Питейная традиция и современная цивилизация
4. Алкоголь и питейная традиция в контексте первых шагов культурогенеза
4.5. Благотворность и коварство обычаев
Я уже писал, что наиболее убедительной - и к тому же наиболее операциональной для исследования питейной традиции - я считаю трактовку культуры как адаптивно- адаптирующей универсальной системы. Соответственно этому интерпретируются и обычаи - как выработанные первобытными человеческими коллективами новые стереотипы поведения взамен инстинктов, которые не могли уже регулировать поведение в изменившихся условиях. Эластичность адаптации к среде с помощью набора содержащихся в генотипе инстинктов крайне незначительна и консервативна. Разные скорости изменчивости видов и среды - особенно в периоды нередких природных катаклизмов - не однократно приводили к тому, что инстинкты, обеспечивающие жизнеспособность популяций, превращались в свою противоположность, становясь источником их гибели.
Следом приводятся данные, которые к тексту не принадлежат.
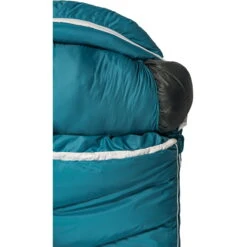 Grüezi Bag Biopod DownWool Subzero Comfort - Daunen- & Wollschlafsack -Geschäft Im Freien grueezi bag biopod downwool subzero comfort daunen wollschlafsack gru 5121 10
Эволюционисты, антропологи предполагают, что неандертальская ветвь пралюдей исчезла именно потому, что не смогла изжить некоторые инстинкты - в частности, внутривидовую агрессивность, внутриплеменной каннибализм, не смогла выработать стереотипы человеческого сотрудничества, которые и помогли выжить кроманьонцам, нашим предкам. У них сложилась надбиологическая (по Л. Уайту, "надсоматическая") система адаптации, намного более эластичная и "скоростная", включавшая обычаи первобытной кооперации для самозащиты от хищников, от "чужих", для добывания средств существования, изготовления орудий, а также систему обязываний к соблюдению некоторых охранительных правил и запретов ( табу) .
Будучи не биологической и надбиологической, эта система адаптации автоматически стала анти-, или абиологической. И это был еще крохотный росток, из которого развилось такое растение- хищник в виде производящей вредности индустрии, по сравнению с которым кровожадные орхидеи из рассказа Уэллса выглядят нежными фиалками.
Антибиологический характер обычного (обрядового) регулирования особенно наглядно проявился в пищевых (то есть и в питьевых) обязывающих и запретительных предписаниях. Причем эти регулирующие нормы носили преимущественно не биологический (собственно пищевой) характер, а сверхбиологический, смысловой. Да и сами трапезы, помимо утоления голода и жажды, означали приобщение к своему кругу ( роду) - при этом неприобщенные к трапезе и питью из большого общего сосуда (того, что позднее у славян, например, называлась круговой чашей, братиной) самим фактом неприобщения отбрасывались в разряд чужих - тех, "с кем мы не пили и не ели" (кстати, очень похоже на психологию "пивного братства" завсегдатаев пивных, компаний собутыльников). Наделение приема пищи и питья не пищевыми, символическими значениями, уже предписывало, в частности, и почитание опьяняющих напитков, доходившее , как уже говорилось, до их обоготворения. Обычай становился носителем вреда, вредоносным, вредным, оставаясь почитаемым.
Это общее явление. О его закономерном характере говорят и многие странности в питании нынешних примитивных народностей и племен. К примеру, среди населения Сахели детям запрещено есть яйца (обоснование - долго не научатся говорить), рыбу (отстанут в умственном развитии), беременным и кормящим женщинам - овощи и фрукты (174; 9).